● Assigned task:
Among the entries below, please show each line that carries the word "Resort".

● Information shown:
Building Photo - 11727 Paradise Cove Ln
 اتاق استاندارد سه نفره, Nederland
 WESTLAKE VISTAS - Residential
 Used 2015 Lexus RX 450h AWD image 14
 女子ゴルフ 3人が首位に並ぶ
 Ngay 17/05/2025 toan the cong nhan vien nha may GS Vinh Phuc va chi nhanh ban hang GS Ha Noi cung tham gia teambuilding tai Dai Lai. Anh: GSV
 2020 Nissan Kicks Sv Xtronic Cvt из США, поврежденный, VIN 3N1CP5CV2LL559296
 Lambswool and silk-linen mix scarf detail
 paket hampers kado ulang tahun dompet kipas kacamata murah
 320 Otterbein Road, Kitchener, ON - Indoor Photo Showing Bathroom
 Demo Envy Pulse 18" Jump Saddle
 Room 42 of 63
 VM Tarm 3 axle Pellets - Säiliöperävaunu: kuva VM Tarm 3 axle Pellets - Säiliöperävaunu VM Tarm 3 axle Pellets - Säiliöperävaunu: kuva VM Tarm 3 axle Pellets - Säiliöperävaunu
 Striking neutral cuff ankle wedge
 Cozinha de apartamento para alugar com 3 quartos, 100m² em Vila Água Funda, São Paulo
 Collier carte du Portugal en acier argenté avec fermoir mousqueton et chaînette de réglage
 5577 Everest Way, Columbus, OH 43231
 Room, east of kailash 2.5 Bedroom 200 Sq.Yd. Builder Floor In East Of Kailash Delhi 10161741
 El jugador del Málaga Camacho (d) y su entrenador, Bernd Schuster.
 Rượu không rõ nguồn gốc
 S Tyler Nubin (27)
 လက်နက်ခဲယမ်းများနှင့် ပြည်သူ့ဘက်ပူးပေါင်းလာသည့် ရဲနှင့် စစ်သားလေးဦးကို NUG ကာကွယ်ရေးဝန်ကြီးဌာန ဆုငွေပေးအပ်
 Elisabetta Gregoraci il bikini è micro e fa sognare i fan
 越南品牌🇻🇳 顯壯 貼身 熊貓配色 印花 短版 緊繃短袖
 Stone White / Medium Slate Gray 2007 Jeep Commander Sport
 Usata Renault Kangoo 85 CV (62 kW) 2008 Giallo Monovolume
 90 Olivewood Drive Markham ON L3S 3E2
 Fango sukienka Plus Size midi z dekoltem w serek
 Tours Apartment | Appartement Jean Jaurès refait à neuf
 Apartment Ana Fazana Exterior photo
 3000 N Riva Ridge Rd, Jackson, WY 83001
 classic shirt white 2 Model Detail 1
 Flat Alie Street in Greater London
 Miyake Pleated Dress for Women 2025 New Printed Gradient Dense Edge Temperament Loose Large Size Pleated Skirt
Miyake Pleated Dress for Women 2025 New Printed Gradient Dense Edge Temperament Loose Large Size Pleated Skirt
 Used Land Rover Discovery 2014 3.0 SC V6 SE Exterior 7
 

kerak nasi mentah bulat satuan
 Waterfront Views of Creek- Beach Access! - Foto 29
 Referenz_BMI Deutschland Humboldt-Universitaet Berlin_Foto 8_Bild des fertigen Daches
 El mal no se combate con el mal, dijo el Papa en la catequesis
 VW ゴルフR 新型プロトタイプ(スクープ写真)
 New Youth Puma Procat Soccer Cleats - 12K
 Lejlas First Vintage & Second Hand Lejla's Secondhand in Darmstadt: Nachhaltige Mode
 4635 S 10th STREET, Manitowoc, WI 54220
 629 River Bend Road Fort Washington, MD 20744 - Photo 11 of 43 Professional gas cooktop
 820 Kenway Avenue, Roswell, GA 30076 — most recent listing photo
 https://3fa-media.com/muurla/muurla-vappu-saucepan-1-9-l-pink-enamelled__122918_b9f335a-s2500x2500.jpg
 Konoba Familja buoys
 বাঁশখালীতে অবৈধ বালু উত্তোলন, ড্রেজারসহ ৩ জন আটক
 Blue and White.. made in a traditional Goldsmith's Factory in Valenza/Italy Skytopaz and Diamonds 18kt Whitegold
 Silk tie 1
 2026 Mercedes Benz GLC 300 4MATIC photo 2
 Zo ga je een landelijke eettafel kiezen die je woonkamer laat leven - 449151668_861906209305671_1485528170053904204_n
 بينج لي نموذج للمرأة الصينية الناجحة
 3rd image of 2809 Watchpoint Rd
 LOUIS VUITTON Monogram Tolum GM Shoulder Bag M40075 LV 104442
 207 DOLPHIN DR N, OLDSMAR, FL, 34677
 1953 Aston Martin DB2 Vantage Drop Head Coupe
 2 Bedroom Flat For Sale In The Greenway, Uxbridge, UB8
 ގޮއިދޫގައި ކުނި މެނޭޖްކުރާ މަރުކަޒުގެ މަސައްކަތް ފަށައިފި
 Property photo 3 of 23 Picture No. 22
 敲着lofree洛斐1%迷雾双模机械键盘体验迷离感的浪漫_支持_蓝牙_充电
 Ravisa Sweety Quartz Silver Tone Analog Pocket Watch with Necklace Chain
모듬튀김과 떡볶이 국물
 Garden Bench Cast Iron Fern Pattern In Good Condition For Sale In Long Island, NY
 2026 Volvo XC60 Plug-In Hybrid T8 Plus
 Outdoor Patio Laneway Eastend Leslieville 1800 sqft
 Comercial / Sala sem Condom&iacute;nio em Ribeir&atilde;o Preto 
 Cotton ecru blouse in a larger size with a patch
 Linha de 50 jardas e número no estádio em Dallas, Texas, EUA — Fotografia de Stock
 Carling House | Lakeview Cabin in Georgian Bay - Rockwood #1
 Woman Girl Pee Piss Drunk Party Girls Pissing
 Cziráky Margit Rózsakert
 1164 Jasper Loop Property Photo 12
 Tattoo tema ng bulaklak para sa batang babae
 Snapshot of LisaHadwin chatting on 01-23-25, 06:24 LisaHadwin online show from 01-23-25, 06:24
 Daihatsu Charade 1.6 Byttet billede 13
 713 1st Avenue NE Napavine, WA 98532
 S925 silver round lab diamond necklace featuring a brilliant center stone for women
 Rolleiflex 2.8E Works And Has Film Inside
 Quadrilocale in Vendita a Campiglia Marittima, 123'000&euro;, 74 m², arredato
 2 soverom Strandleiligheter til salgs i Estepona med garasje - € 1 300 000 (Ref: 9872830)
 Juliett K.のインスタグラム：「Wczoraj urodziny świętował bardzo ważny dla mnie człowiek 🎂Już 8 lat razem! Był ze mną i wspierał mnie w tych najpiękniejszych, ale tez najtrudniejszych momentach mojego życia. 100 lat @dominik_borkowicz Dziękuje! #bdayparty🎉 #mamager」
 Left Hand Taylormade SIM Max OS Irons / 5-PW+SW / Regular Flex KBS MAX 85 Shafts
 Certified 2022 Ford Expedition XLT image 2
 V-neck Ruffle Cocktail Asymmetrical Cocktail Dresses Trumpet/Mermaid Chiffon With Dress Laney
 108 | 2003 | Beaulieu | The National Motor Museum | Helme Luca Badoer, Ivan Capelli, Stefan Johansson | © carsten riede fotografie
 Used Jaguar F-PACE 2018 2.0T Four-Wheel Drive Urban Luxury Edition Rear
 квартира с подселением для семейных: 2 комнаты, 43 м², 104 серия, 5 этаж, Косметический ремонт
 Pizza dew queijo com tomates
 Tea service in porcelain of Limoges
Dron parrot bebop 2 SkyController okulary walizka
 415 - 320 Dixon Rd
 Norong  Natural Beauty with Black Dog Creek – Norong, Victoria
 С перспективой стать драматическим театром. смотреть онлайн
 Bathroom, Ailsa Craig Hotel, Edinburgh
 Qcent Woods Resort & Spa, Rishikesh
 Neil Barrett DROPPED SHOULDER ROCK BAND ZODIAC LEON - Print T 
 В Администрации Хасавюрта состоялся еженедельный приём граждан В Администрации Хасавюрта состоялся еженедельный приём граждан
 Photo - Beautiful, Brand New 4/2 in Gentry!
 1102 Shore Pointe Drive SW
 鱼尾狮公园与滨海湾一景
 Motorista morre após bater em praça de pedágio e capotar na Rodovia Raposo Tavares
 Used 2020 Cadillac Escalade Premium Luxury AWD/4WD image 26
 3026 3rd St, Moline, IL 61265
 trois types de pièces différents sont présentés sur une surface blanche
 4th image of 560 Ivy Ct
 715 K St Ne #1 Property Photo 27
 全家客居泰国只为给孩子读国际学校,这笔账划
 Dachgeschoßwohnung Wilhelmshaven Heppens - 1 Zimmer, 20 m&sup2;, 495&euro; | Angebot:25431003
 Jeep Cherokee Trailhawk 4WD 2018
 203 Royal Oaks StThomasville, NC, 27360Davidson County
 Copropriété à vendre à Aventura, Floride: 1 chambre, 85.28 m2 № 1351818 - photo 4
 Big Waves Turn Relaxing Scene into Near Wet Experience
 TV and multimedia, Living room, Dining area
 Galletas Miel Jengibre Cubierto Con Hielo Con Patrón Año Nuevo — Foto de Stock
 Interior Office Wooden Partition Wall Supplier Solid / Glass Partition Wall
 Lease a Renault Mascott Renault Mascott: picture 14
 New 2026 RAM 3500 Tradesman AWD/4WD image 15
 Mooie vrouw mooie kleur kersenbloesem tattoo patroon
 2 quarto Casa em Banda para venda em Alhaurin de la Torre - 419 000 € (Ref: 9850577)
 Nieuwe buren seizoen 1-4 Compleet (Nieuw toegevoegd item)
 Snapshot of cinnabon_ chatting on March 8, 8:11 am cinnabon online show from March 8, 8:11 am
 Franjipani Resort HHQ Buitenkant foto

● Response box:
 Qcent Woods Resort & Spa, Rishikesh
 Franjipani Resort HHQ Buitenkant foto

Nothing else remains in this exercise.